Making money on it: You could start, perhaps, with a store front church if you register with the government as a religious organization. Get on the new community low power FM stations springing up across the country. If you have a church or get on TV, you'll need to invest in a good organ, recruit a well-costumed choir, decorate with lots of flowers, and learn to perform miracles on stage with a few friendly stooges.


 


It will help to be tall, good looking and have curly hair. Carry a big Bible around as you preach, and encourage lots of audience participation. Make the people feel special, but in need of saving, and then offer your path to salvation (send money). Lecture against things people most love or need, things such as abortion, buying prostitutes, pornography, and greed. You know, the things you'll want to do yourself when you get rich. It's an old formula, and it works every time.


 


Visit the second hand store and stock up on canes, crutches, eye glasses and, if you really feel the spirit, a few artificial legs and arms. Use these to decorate your stage; they will provide the proof that you can work miracles. Speaking of a stage, this profession is only for people with some acting ability. Honest, shy introverts need not apply.


 


It never stops with just making money. Sooner or later, the desire for power and control will grow in your mind. You will want to tamper with government, public education and join with major corporations so you can contract your own army of Christian Storm Troopers to take over the country.


 


The price: The investment is usually small. Pat Robertson started with only few bucks in his pocket. You could set yourself up in an old church or storefront for just a few thousand dollars. Many radio stations specialize in religious broadcasting and have air time to fill. Sooner or later you will need a creative accountant and a good lawyer.


 


Is there a better idea? This is a field where morality doesn't count. The very last thing you want to be is a basic, honest Christian.

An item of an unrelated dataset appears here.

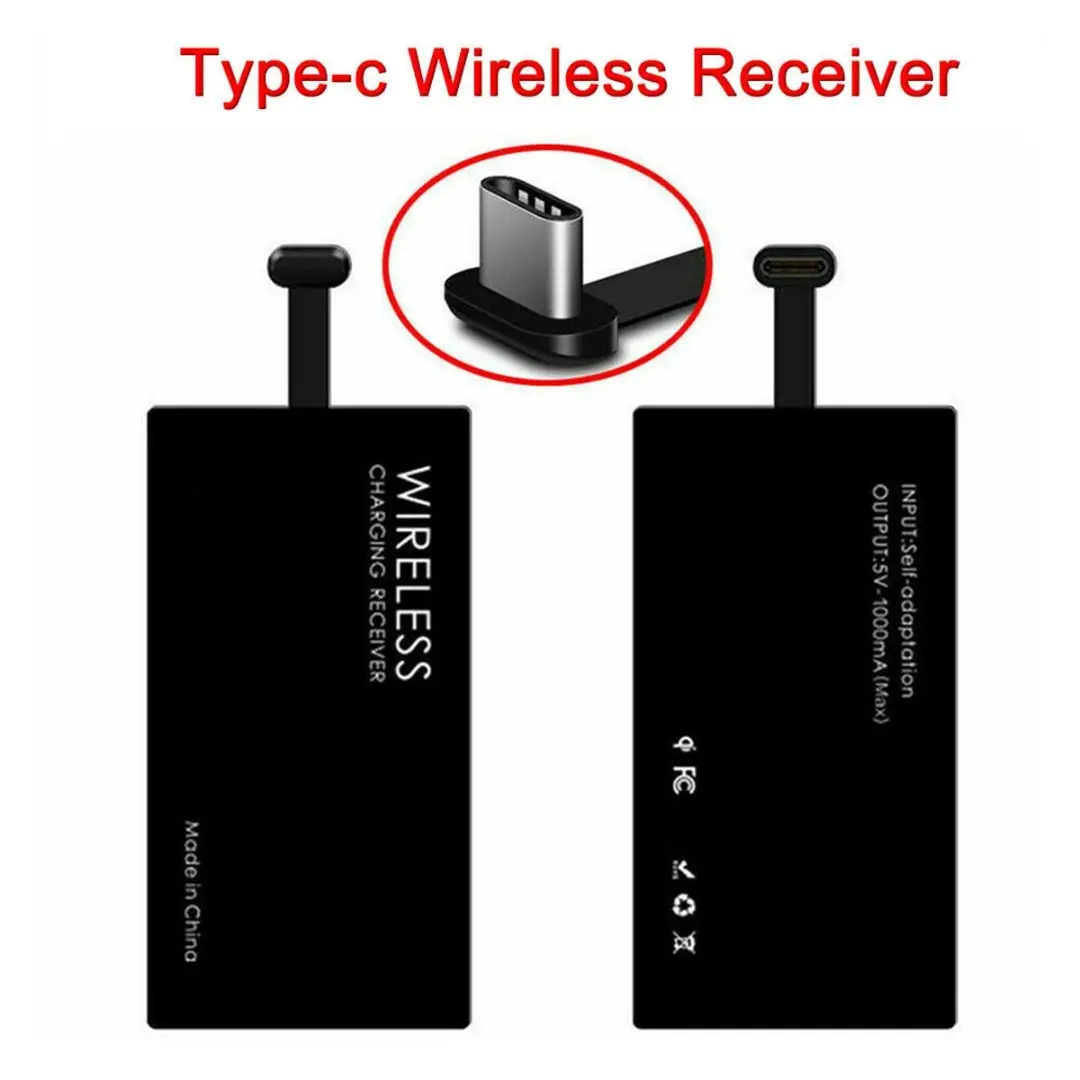 

Pohiks Wireless Charger Type-C Universal Charging For Android Cell Phone Ultra Thin Type-C Wireless Charging Receiver Adapter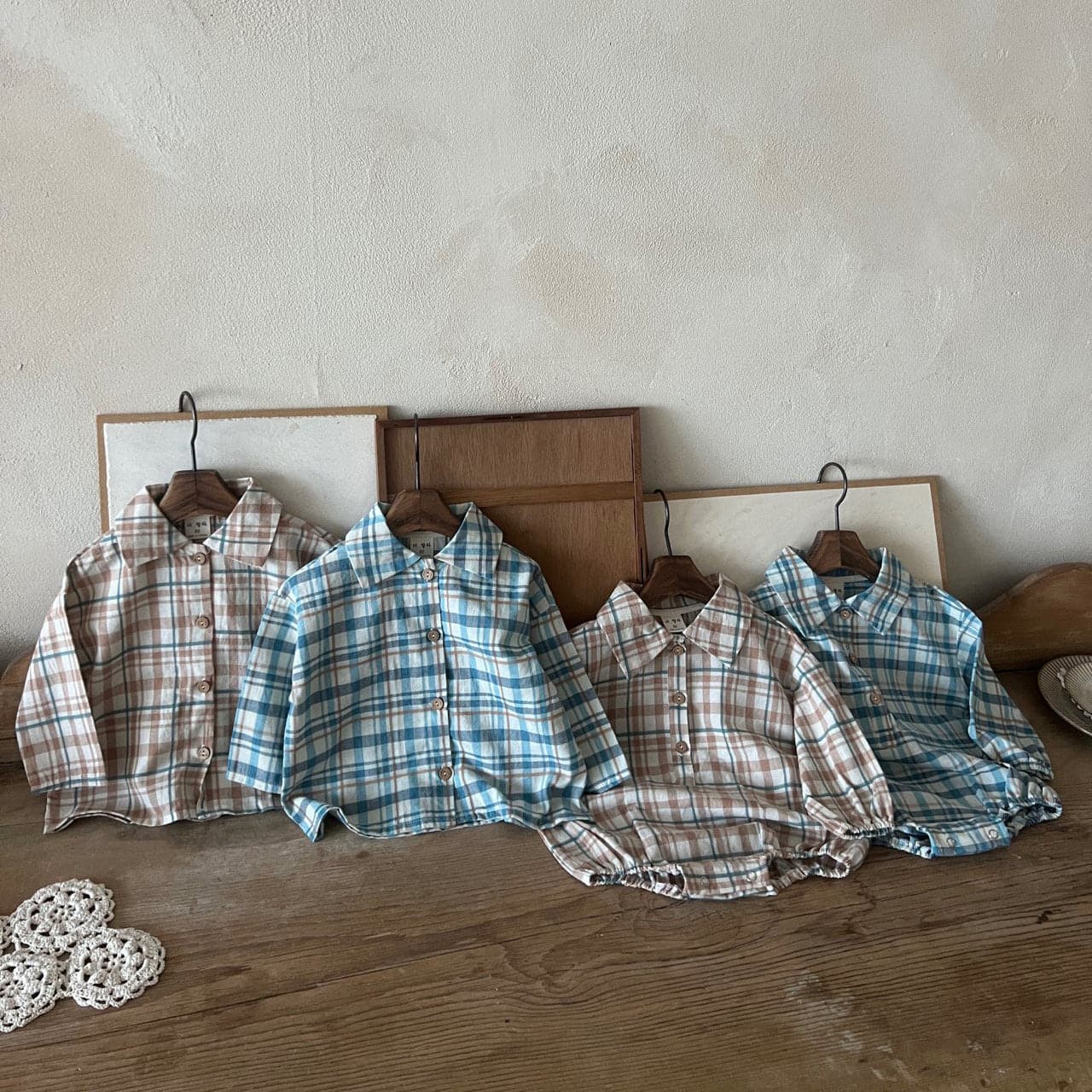 Baby Lala Spring Flannel Shirt Romper (0-24m) - Blue - AT NOON STORE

If you were seriously interested in religion and in helping others, you would enroll in a program leading to a real degree in theology, join an established church, and spend the rest of you life doing the Lord's work quietly and modestly. You might, in the extreme, take a vow of poverty and - hope of all hopes - a vow of silence.


 


Better ideas for all of us include taxing the teleligionists as businesses, forcing them to label their productions as potentially harmful to mental health, and making them responsible for their nonsensical claims.